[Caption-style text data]
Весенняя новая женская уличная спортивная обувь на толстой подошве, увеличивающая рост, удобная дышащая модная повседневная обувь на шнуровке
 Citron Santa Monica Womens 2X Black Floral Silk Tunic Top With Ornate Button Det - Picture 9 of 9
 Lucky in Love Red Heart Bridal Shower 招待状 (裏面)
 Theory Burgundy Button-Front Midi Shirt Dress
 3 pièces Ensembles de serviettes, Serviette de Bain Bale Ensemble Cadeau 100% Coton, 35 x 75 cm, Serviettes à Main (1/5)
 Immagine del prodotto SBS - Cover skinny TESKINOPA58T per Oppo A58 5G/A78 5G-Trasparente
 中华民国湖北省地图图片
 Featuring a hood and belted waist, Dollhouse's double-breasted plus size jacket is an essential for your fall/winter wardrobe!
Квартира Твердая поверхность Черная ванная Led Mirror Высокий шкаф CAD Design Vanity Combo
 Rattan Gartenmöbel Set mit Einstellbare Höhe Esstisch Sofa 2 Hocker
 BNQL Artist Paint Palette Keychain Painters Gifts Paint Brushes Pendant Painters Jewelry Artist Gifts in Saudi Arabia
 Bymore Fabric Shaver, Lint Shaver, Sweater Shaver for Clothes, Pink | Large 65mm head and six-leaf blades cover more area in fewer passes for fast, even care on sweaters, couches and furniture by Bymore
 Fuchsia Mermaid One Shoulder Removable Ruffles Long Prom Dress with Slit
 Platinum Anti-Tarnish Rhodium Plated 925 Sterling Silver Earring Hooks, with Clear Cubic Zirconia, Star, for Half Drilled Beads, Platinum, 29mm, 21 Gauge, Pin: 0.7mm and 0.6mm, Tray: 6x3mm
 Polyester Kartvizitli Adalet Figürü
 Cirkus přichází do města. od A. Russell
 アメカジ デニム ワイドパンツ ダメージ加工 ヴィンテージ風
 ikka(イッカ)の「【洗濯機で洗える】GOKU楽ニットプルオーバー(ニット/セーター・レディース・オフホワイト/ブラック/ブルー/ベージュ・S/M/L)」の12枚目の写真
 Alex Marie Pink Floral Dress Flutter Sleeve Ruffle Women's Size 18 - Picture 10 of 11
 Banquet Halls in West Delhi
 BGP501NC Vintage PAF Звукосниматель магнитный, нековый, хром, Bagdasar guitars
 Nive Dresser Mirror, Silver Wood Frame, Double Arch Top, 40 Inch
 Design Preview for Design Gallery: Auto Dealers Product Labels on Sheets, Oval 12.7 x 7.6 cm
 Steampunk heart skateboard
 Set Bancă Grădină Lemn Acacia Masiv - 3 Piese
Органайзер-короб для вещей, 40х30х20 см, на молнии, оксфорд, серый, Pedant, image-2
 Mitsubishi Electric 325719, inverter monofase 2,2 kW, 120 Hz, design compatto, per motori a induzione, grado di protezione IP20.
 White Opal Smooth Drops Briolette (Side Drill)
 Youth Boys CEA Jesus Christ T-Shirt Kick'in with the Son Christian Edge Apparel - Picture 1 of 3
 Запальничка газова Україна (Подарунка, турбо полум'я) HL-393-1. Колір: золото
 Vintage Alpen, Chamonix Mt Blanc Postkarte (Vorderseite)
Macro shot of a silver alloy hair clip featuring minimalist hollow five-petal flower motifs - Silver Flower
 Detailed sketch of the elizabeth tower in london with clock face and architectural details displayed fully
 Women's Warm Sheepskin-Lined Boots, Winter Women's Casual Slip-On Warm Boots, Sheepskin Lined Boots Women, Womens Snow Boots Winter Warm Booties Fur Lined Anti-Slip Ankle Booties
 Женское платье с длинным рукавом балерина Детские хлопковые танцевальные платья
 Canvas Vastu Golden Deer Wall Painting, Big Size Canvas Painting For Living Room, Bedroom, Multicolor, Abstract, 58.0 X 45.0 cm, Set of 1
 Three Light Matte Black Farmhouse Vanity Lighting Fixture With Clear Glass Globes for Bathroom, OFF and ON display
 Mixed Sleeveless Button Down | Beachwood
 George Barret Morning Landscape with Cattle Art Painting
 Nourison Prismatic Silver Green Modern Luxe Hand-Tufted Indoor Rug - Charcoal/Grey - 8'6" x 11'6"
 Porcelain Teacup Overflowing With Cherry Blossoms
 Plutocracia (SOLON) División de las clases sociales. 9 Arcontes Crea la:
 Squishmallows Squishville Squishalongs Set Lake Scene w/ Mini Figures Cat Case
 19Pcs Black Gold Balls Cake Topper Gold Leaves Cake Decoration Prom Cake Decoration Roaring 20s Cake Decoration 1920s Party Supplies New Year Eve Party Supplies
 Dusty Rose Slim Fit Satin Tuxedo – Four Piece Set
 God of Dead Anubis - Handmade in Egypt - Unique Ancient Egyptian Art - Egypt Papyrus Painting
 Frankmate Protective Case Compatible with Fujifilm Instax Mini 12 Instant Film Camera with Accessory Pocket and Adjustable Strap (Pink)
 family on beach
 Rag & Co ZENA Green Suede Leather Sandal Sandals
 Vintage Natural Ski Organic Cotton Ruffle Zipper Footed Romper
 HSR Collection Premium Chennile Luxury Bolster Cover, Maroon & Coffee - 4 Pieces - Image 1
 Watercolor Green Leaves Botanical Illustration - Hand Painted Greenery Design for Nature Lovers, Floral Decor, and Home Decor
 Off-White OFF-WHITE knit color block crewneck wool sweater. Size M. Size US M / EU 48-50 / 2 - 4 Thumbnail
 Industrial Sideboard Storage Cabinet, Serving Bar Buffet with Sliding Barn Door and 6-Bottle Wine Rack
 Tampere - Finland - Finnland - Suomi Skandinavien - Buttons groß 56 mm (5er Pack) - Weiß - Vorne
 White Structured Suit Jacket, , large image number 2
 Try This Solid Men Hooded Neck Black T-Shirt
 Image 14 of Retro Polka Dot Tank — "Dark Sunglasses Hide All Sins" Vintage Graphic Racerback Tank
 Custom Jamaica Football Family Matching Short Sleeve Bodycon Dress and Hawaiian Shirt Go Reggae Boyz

▶ [YOUR INSTRUCTIONS]: Would you retype exactly the lines above, from the line with "Nourison Prismatic Silver" to the line with "Try This Solid Men Hooded Neck Black T-Shirt", with both end lines kept and nothing more?

▶ [ANSWER SECTION]:
 Nourison Prismatic Silver Green Modern Luxe Hand-Tufted Indoor Rug - Charcoal/Grey - 8'6" x 11'6"
 Porcelain Teacup Overflowing With Cherry Blossoms
 Plutocracia (SOLON) División de las clases sociales. 9 Arcontes Crea la:
 Squishmallows Squishville Squishalongs Set Lake Scene w/ Mini Figures Cat Case
 19Pcs Black Gold Balls Cake Topper Gold Leaves Cake Decoration Prom Cake Decoration Roaring 20s Cake Decoration 1920s Party Supplies New Year Eve Party Supplies
 Dusty Rose Slim Fit Satin Tuxedo – Four Piece Set
 God of Dead Anubis - Handmade in Egypt - Unique Ancient Egyptian Art - Egypt Papyrus Painting
 Frankmate Protective Case Compatible with Fujifilm Instax Mini 12 Instant Film Camera with Accessory Pocket and Adjustable Strap (Pink)
 family on beach
 Rag & Co ZENA Green Suede Leather Sandal Sandals
 Vintage Natural Ski Organic Cotton Ruffle Zipper Footed Romper
 HSR Collection Premium Chennile Luxury Bolster Cover, Maroon & Coffee - 4 Pieces - Image 1
 Watercolor Green Leaves Botanical Illustration - Hand Painted Greenery Design for Nature Lovers, Floral Decor, and Home Decor
 Off-White OFF-WHITE knit color block crewneck wool sweater. Size M. Size US M / EU 48-50 / 2 - 4 Thumbnail
 Industrial Sideboard Storage Cabinet, Serving Bar Buffet with Sliding Barn Door and 6-Bottle Wine Rack
 Tampere - Finland - Finnland - Suomi Skandinavien - Buttons groß 56 mm (5er Pack) - Weiß - Vorne
 White Structured Suit Jacket, , large image number 2
 Try This Solid Men Hooded Neck Black T-Shirt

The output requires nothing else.